= Thomas Ashwell =

English composer

Thomas Ashwell or Ashewell (c. 1478 - after 1513 (possibly 1527?)) was an English composer of the Renaissance. He was a skilled composer of polyphony, and may have been the teacher of John Taverner.

His admission to St. George's Chapel as a chorister in 1491 suggests a birthdate of approximately 1478, but nothing else is known about his early life. He stayed at St. George's until 1493, and account records at Tattershall College in Lincolnshire list him as a singer there in 1502 and 1503. He was in a position of authority at Lincoln Cathedral in 1508, according to records there, and was employed at Durham Cathedral as Cantor or Master of the singing boys, and to provide music for the Lady Chapel, in 1513; no further records survive of his life. The Durham Cathedral archives show the first successor to his duties there as being a William Robson, who began his duties in 1527, and this may be an indication of Ashwell's death some time before that.

==Surviving Ashwell compositions==
Only scattered remnants of Ashwell's music survive. As was common for pre-Reformation music in England in Latin, the large majority of manuscripts were destroyed during the Dissolution of the Monasteries by Henry VIII (and a large proportion of English-language sacred music was destroyed during the subsequent reign of Mary, during her attempt to re-impose Roman Catholicism on the island). Two masses, both for six voices, survive complete in the Forrest-Heyther Partbooks, the first layer of which were copied for Taverner's use at Cardinal College in 1526–1530. With the fall of Cardinal Wolsey in 1529 the college founded by him was not able to devote resources to such music and so the manuscript was discontinued, and this situation was probably the reason for Taverner's departure that year. This first layer contains the Missa Jesu Christe (for 6 voices) and ten other works by various composers, including Taverner. The other Mass-setting (Missa Ave Maria, also for 6 voices, which is the finer of the two and an outstanding work with similarities to Taverner's Missa Gloria tibi Trinitas) was copied into the partbooks mid-century along with five other settings by other composers, though the dates of composition of both Ashwell Masses were considerably earlier: their style indicates dates of composition possibly even before his appointment at Durham. A few other works survive in other sources, mostly very fragmentary, including a fragment of a Mass for St. Cuthbert, which must date from his time at Durham. A song, "She may be callyd a sovrant lady", printed in a 1530 collection, is Ashwell's only surviving secular composition.

==Connection to Taverner==
The connection with John Taverner as his possible teacher is tenuous but suggestive. The unsubstantiated suggestion has long existed that Taverner was a chorister at Tattershall, and should this have been the case he would have been there at the same time as Ashwell.
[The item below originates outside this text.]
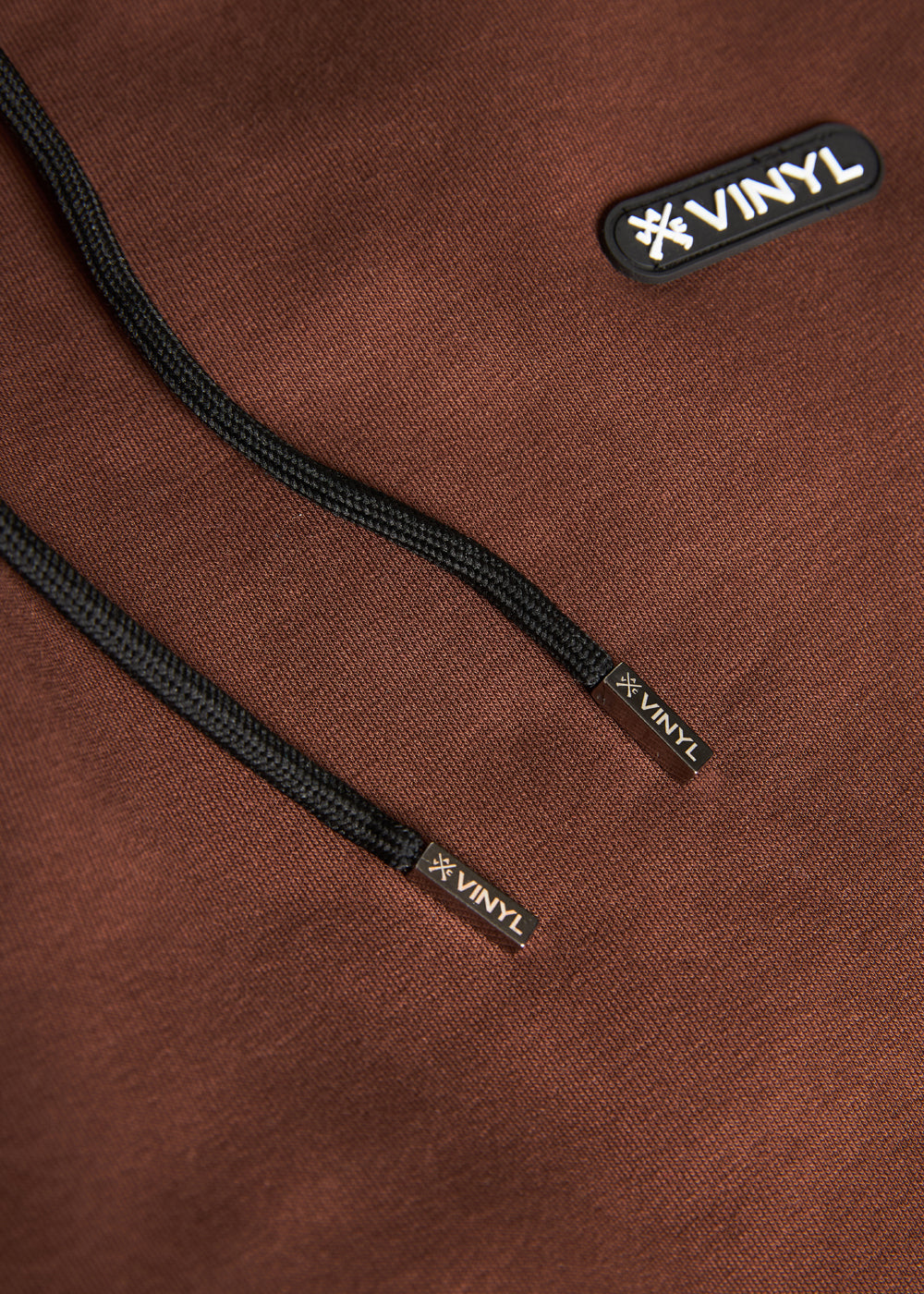Vinyl set of overalls brown cotton oversized fit - emblem brown set
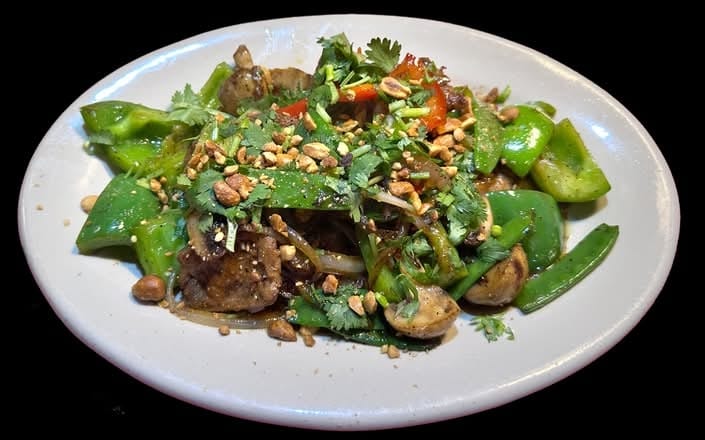 Green Pepper Steak/Steak Chay Xào Ớt Xanh.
Taverner seems to have at least been very familiar with the two Ashwell Masses, as he appears to have used them as models for his own (if the apparent dating is not incorrect, and Ashwell based his on Taverner's). A personal connection with Ashwell would account for the inclusion of his Masses in the Forrest-Heyther Partbooks, copied either by Taverner or for him when he became head of music at Cardinal College, Oxford in 1526. The first layer of the Forrest-Heyther Partbooks is headed by Taverner's own Mass Gloria tibi Trinitas (which seems to have much in common with Ashwell's Missa Ave Maria) in six voices, and the only other six-part Mass in this layer is Ashwell's Jesu Christe, all the other works in this first layer being for only five voices (however, the piece immediately following Gloria tibi Trinitas is the hexachord Mass by Avery/Davy Burton: but although there are only five parts in the partbooks, it seems that a sixth part was unintentionally omitted). These partbooks contain generally rather newer music than that of Ashwell, and his inclusion would be typical of a student-teacher relationship.

However, it may equally go some way to explaining Ashwell's presence in the Forrest-Heyther Partbooks to recall that the partbooks were compiled for Cardinal Wolsey's new college, and that Wolsey was also Bishop of Durham earlier in his career, and many of the composers had connections to institutions which had connections to Wolsey. It could be that the partbooks were also meant to act as a kind of survey in homage of the most important composers from many of Wolsey's dioceses.

Ashwell's reputation survived at least until the end of the 16th century, since Thomas Morley listed him as an authority in his 1597 treatise A Plaine and Easie Introduction to Practicall Musicke.